A Reasonable Request and a New Narrative
Superintendent Barresi is asking the legislature for supplemental funding at the beginning of the legislative session. While I have serious differences with the SDE concerning their budget request for the next fiscal year, this one is spot on. It includes a total of $37.7 million to be used by school districts for the remainder of this school year. The appropriation would go to the following categories:
- $15 million for ACE Remediation
- $6.5 million for Reading Sufficiency
- $8.5 million for Health Benefits
- $5.9 million for the school funding formula
- $1.8 million for the Student Longitudinal Data System
The first two line items address gaps in funding for school districts meeting old mandates. Without the supplemental funding, after school and summer programs to help struggling readers and to keep students on track to graduate just won’t happen. The ACE law requires school districts to provide remediation to students in grades 7-12 was only fully funded the first two years. At this time, funding is less than 40 percent what is necessary. Meanwhile, the old Reading Sufficiency program – never fully funded to begin with – takes on greater significance with the addition of third-grade retention. Today’s Tulsa World editorial put it well:
Oklahoma doesn’t need to create a sub-class of young people who have met all other graduation requirements but can’t pass the required exams and thus are denied the diploma needed to get a job or join the military. If we are going to have a law that requires students to prove their test-taking ability, the state ought to provide the remedial help that was promised when the law was passed.

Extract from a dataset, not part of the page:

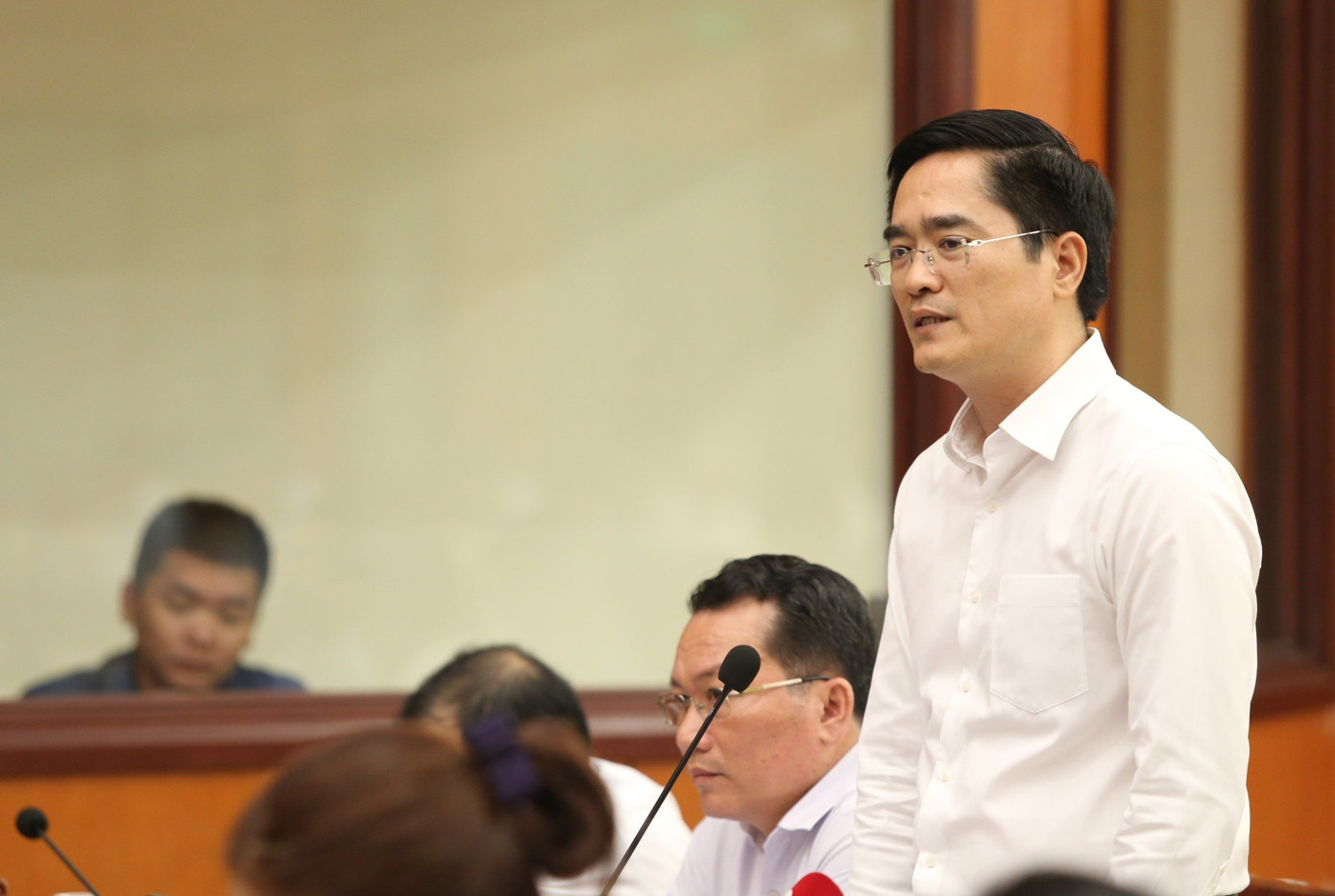 Giám đốc Sở GTVT TPHCM Trần Quang Lâm phát biểu tại kỳ họp.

Collectively, these two items, as well as the benefits and formula requests, seem to reflect an understanding that public education in Oklahoma was underfunded prior to the recent slate of reforms.
(For the legislature to have to go back for a third year in a row to fully fund health benefits is simply unconscionable. This needs to be funded correctly the first time for 2014!)
The request for 2014 shows that the reforms need money to have any chance at succeeding. This is a rewrite of a previous narrative – one that told legislators and school districts that the reforms were all revenue neutral.
The new narrative also flies in the face of the statement Barresi made last summer: “Funding for education in this country has doubled over the last 10 years with flatline results.” Yes, we all know money itself doesn’t improve education. We do know the lack of it can be quite limiting, however. Superintendents and school boards have been saying this for years, playing mostly to deaf ears.
Hopefully, at least for the supplemental request, the legislature listens to Barresi and acts quickly. Then, when it comes time to address education funding for next year, there should be a healthy – perhaps uncomfortable – debate.